L'ancien ministre de la Communication, professeur émérite et chroniqueur subtil aussi, invite en réalité à un débat majeur, celui de l'état d'âme d'une presse où se croisent cruellement deux impératifs : la liberté et la responsabilité.

En matière d'information économique, ce diptyque ne saurait constituer un dilemme, sauf que le journaliste ne peut jouer avec les chiffres ou dénaturer l'information et le décideur manipuler le journaliste. C'est à cela que s'est attelé Rachid Belkahia, membre de la CGEM, venu parler avec brio de « l'entreprise marocaine et l'information économique».

Une phrase en effet, lancée par lui, a d'emblée donné le ton et n'a pas manqué de faire mouche: « Trop d'information ne tue-t-il pas l'information ? » Son intervention est de savoir comment asseoir une bonne gestion de l'information et des savoirs ; comment l'entreprise, sous peine de périr, devrait s'inscrire dans la problématique globale des mutations et des changements.

Comment gérer en somme le flux d'événements que les nouvelles technologies génèrent et être à l'écoute des opportunités - qui sont aussi autant de menaces - que la surabondance de l'information fournit ? Pour lui, il faut rationaliser, raisonner aussi de manière à ce que l'information ne soit pas autre chose qu'une arme stratégique au «service de la performance économique et de l'emploi ».

Mehdi Mimoun, ancien ambassadeur du Maroc en Chine, aujourd'hui responsable du département économique au ministère des Affaires étrangères et de la Coopération, s'est fait le héraut du partenariat entre Administration et presse économique, se disant convaincu que le rapport entre les deux a évolué malgré des moments difficiles dus notamment au manque de maturité réciproque, à la méfiance aussi…

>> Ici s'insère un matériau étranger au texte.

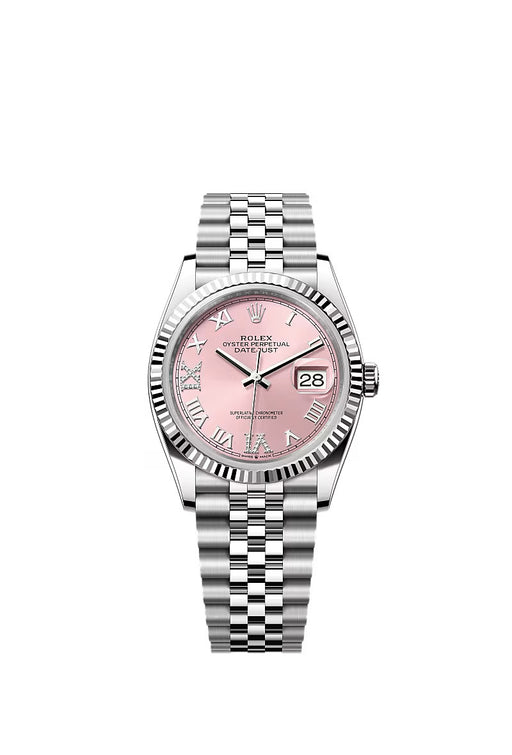Rolex Datejust 126234 with pink diamond-set dial, 36mm white gold and stainless steel case, and Jubilee bracelet.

La mondialisation, l'évolution internationale imposent une révision des comportements et la presse peut désormais se nourrir des données, des chiffres et des informations que son département met à la disposition des uns et des autres.

Président du groupe Eco Média, éditorialiste et universitaire, Abdelmounaïm Dilami, qui est également président de la Fédération nationale des éditeurs de presse, a lancé un regard frais, optimiste mais réaliste sur le statut d'une presse économique dont les débuts, souligne-t-il, avaient été marqués par « La Vie Economique ».

Pour lui, la presse est devenue une réalité économique, il y a belle lurette qu'elle a quitté les sentiers glorieux de l'artisanat. La presse s'est transformée, à l'instar des entreprises, en une véritable industrie avec ses critères spécifiques, ses obligations de résultats, ses investissements incessants, son encadrement en termes de ressources humaines, bref ses exigences de rentabilité.

M. Dilami a surtout mis l'accent sur l'équation redoutable que « l'indépendance, c'est l'autonomie financière ». Il a souligné que celle-ci passe par un investissement continu et, poussant la transparence à son bout, a donné les chiffres qui caractérisent l'évolution de son groupe qui réalise un chiffre d'affaires de 121 millions de dirhams, investit 21 millions de DH en papier, 19 millions de DH en imprimerie et mobilise 28 millions de dirhams en salaires.

Une entreprise de presse devenue en somme une entreprise tout court ; productrice d'information et de valeur intellectuelle. Le colloque, qui a duré une après-midi, marqué par un vif échange, a ouvert de nouvelles perspectives et, pour la première fois, une brèche dans les croyances.